NX and NY definition?

[irfanimaduddin]

Hi! Could you explain me what are NX and NY in MonochromaticField and PolychromaticField? What are they correlation with extent_x and extent_y visually? I would like to simulate diffraction pattern of a grating 20 cm in front of a telescope (F=11 m, D=60 cm) at its focal plane. Do you have some suggestions? Thank you in advance.

[rafael-fuente]

The simulator evaluates the propagation of the light by creating a grid.
extent_x and extent_y are the length and height of the rectangular grid and Nx, Ny the dimension of the grid respectively.

As you increase the value of Nx and Ny the simulation becomes more accurate but more computationally expensive.
Select extent_x and extent_y to be larger than your diffraction pattern.

I would like to simulate the diffraction pattern of a grating 20 cm in front of a telescope (F=11 m, D=60 cm) at its focal plane. Do you have some suggestions? Thank you in advance.

It should be straightforward, I can help you. By a grating of 20 cm, what do you mean, exactly?

Note: I recommend waiting until tomorrow, I'm going to make a major update to the repository. I want to convert it into a far more advanced physical optics simulator.

[irfanimaduddin]

Sorry I still can't catch you up for this one.

The simulator evaluates the propagation of the light by creating a grid.
extent_x and extent_y are the length and height of the rectangular grid and Nx, Ny the dimension of the grid respectively.

Do you mean like this?

By a grating of 20 cm, what do you mean, exactly?

I mean the distance between grating and lens is 20 cm.

Note: I recommend waiting until tomorrow, I'm going to make a major update to the repository. I want to convert it into a far more advanced physical optics simulator.

Awesome! Can't wait for it. Does the update include the use of thick lenses as well? And what if we want to use a custom refractive index for the lens? Is it accommodated?

[rafael-fuente]

Do you mean like this?

Yes, your guess is right

I mean the distance between grating and lens is 20 cm.

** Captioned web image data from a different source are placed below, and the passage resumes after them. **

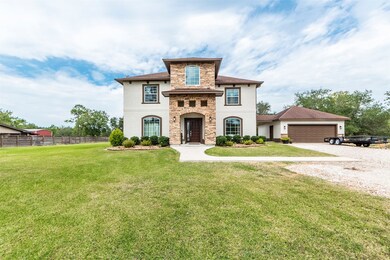 2116 County Road 357, Alvin, TX 77511 - photo 6
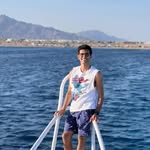 Michael T. Morcos - @mickeyhandasa - Instagram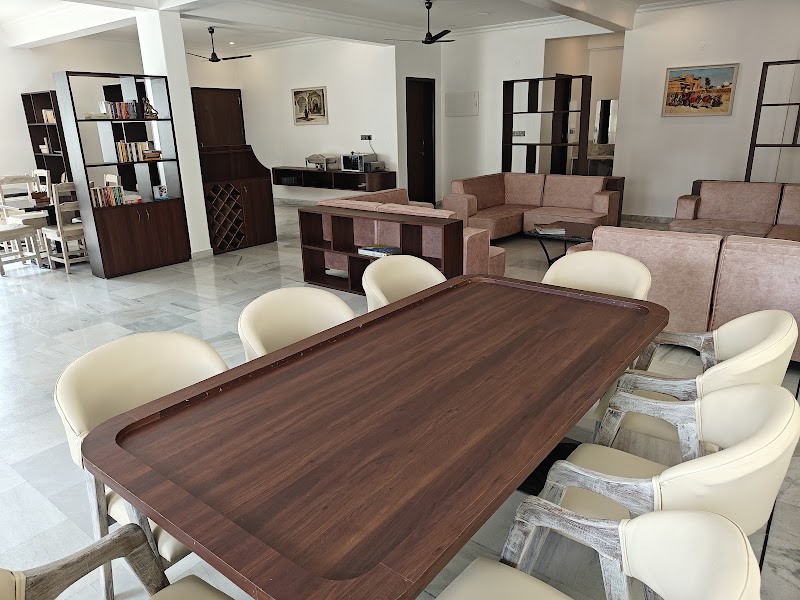 Mahua Boutique Homestay - Mahua Boutique Homestay Beeda Road, Nadra, Nai, Udaipur, Rajasthan 313031, India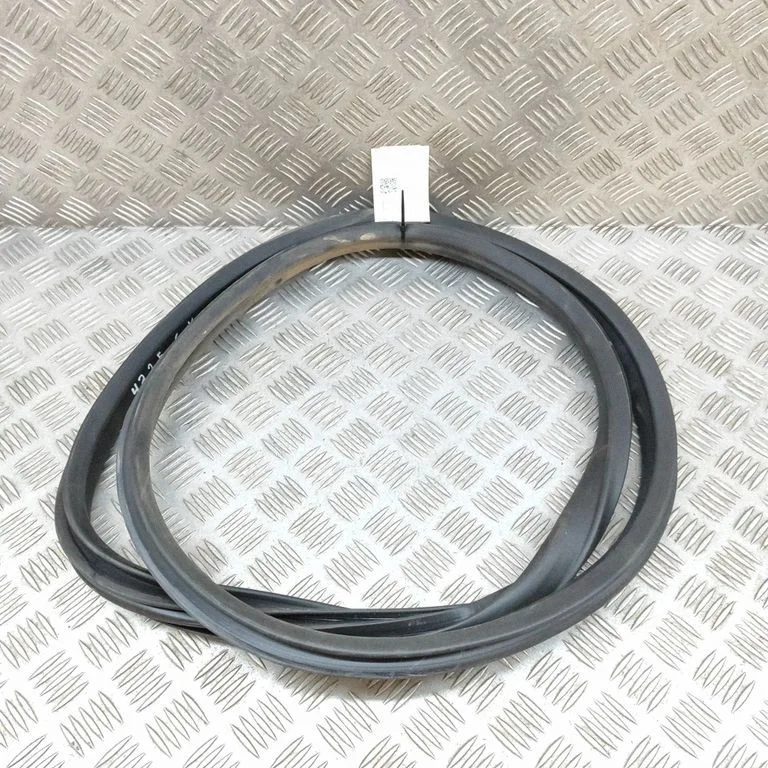 Rubber seal rear door 7483099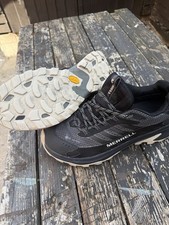 Merrell mens moab for sale  CWMBRAN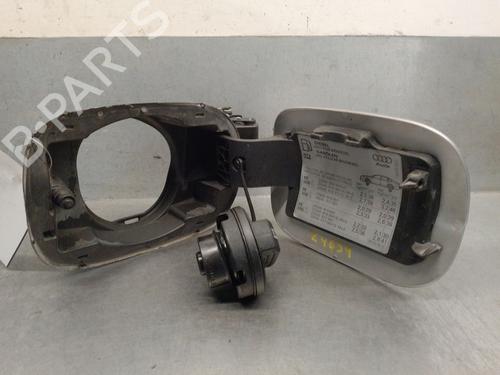 Tanklåg AUDI A6 C6 (4F2) 2.0 TDI | BP32249702C131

Then, it would be something like this:

import diffractsim
diffractsim.set_backend("CPU") #Change the string to "CUDA" to use GPU acceleration

from diffractsim import MonochromaticField, ApertureFromImage, Lens, mm, nm, cm

F = MonochromaticField(
    wavelength=555 * nm, extent_x=60 * cm, extent_y=60 * cm, Nx=1500, Ny=1500
)

F.add(ApertureFromImage("/apertures/your_grating.png", image_size=(30*cm, 30*cm), simulation = F))
F.plot_intensity( square_root = True)


F.propagate(20*cm)
F.add(Lens(f = 1100*cm, radius = 30*cm)) 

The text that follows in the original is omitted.